*Exercise goal*: The entries below hold a line with "Nguồn máy tính" and a line with "Pyjamas fille 6 mois". Return those lines and all that lie between them, exactly and only.

*Data for this exercise*:

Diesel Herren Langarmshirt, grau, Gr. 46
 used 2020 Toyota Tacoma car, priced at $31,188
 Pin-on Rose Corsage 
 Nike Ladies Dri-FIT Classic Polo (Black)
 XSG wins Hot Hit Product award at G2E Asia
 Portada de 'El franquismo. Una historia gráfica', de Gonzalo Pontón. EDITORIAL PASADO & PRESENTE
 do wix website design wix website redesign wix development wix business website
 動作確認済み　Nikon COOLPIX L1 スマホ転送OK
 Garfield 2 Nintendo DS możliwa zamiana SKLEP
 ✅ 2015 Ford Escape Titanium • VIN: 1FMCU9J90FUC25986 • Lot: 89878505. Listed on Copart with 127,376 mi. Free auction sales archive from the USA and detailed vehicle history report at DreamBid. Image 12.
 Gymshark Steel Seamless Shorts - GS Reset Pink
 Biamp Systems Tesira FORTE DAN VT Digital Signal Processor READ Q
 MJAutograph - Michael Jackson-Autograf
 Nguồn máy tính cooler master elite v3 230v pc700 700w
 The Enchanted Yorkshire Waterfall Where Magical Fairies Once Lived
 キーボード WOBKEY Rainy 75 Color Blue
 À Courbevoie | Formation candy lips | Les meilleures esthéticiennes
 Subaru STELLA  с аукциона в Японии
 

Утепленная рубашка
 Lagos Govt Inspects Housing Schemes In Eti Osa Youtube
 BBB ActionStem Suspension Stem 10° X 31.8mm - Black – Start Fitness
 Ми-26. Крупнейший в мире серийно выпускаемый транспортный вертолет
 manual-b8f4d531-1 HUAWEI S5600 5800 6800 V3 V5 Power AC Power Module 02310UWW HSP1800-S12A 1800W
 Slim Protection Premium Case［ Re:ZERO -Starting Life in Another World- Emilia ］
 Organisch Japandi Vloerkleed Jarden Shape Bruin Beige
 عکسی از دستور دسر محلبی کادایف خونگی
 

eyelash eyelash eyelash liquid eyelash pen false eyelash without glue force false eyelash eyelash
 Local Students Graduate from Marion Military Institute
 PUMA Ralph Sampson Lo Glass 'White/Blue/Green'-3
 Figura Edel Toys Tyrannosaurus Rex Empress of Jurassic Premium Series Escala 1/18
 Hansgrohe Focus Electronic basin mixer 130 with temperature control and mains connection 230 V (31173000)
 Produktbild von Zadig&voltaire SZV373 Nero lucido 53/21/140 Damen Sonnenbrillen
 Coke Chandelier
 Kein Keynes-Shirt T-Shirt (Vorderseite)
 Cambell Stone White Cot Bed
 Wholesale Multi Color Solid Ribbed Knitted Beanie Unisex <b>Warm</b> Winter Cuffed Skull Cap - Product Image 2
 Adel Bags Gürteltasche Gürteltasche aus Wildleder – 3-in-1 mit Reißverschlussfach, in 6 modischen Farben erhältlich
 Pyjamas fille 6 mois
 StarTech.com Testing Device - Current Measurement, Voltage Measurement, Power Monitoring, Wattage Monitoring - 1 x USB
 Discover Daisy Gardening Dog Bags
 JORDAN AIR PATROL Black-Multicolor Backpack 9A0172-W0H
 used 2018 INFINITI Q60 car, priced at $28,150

*Answer below*:
 Nguồn máy tính cooler master elite v3 230v pc700 700w
 The Enchanted Yorkshire Waterfall Where Magical Fairies Once Lived
 キーボード WOBKEY Rainy 75 Color Blue
 À Courbevoie | Formation candy lips | Les meilleures esthéticiennes
 Subaru STELLA  с аукциона в Японии
 

Утепленная рубашка
 Lagos Govt Inspects Housing Schemes In Eti Osa Youtube
 BBB ActionStem Suspension Stem 10° X 31.8mm - Black – Start Fitness
 Ми-26. Крупнейший в мире серийно выпускаемый транспортный вертолет
 manual-b8f4d531-1 HUAWEI S5600 5800 6800 V3 V5 Power AC Power Module 02310UWW HSP1800-S12A 1800W
 Slim Protection Premium Case［ Re:ZERO -Starting Life in Another World- Emilia ］
 Organisch Japandi Vloerkleed Jarden Shape Bruin Beige
 عکسی از دستور دسر محلبی کادایف خونگی
 

eyelash eyelash eyelash liquid eyelash pen false eyelash without glue force false eyelash eyelash
 Local Students Graduate from Marion Military Institute
 PUMA Ralph Sampson Lo Glass 'White/Blue/Green'-3
 Figura Edel Toys Tyrannosaurus Rex Empress of Jurassic Premium Series Escala 1/18
 Hansgrohe Focus Electronic basin mixer 130 with temperature control and mains connection 230 V (31173000)
 Produktbild von Zadig&voltaire SZV373 Nero lucido 53/21/140 Damen Sonnenbrillen
 Coke Chandelier
 Kein Keynes-Shirt T-Shirt (Vorderseite)
 Cambell Stone White Cot Bed
 Wholesale Multi Color Solid Ribbed Knitted Beanie Unisex <b>Warm</b> Winter Cuffed Skull Cap - Product Image 2
 Adel Bags Gürteltasche Gürteltasche aus Wildleder – 3-in-1 mit Reißverschlussfach, in 6 modischen Farben erhältlich
 Pyjamas fille 6 mois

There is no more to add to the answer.